Do your data seem like they deviate in some systematic way from the class data? How does the answer to this question influence your choice of data to use for the standard curve?
Once you have a fit you are happy with, use the slope and the intercept of your regression, together with the spectrophotometry data (blueness) to predict the sodium concentration of your data.
You can access the blueness of your sample with the command below.
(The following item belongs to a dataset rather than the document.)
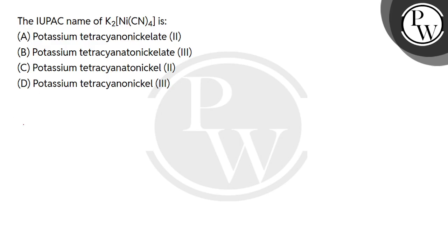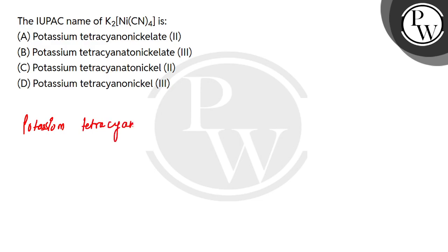So first of all, we will write potassium. Then we will write anion, and in anion we will also write ligand. So how much ligand is there? 4 ligands, tetra, and the ligand CN means cyanide, so the name of cyanide is cyano.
Enter the row number before the comma, and the column number after the comma. (Note that both need to be numbers, even though the plate itself may have had letters for rows. In this case, A = 1, B = 2, etc…) You can also look at the original file if you prefer.
specData[ , ]
Once you’ve got your estimate of the blueness of the sample, and the slope and intercept of the regression line, you can rearrange the equation for the line and calculate the sodium concentration of your sample. (If you had multiple samples, you’ll need to make multiple calculations.)
Did you dilute sample? If you so, you’ll want calculate the sodium concentration of your original sample
Did your blueness value fall beyond the range of the standard curve? If so, are there caveats to your estimate?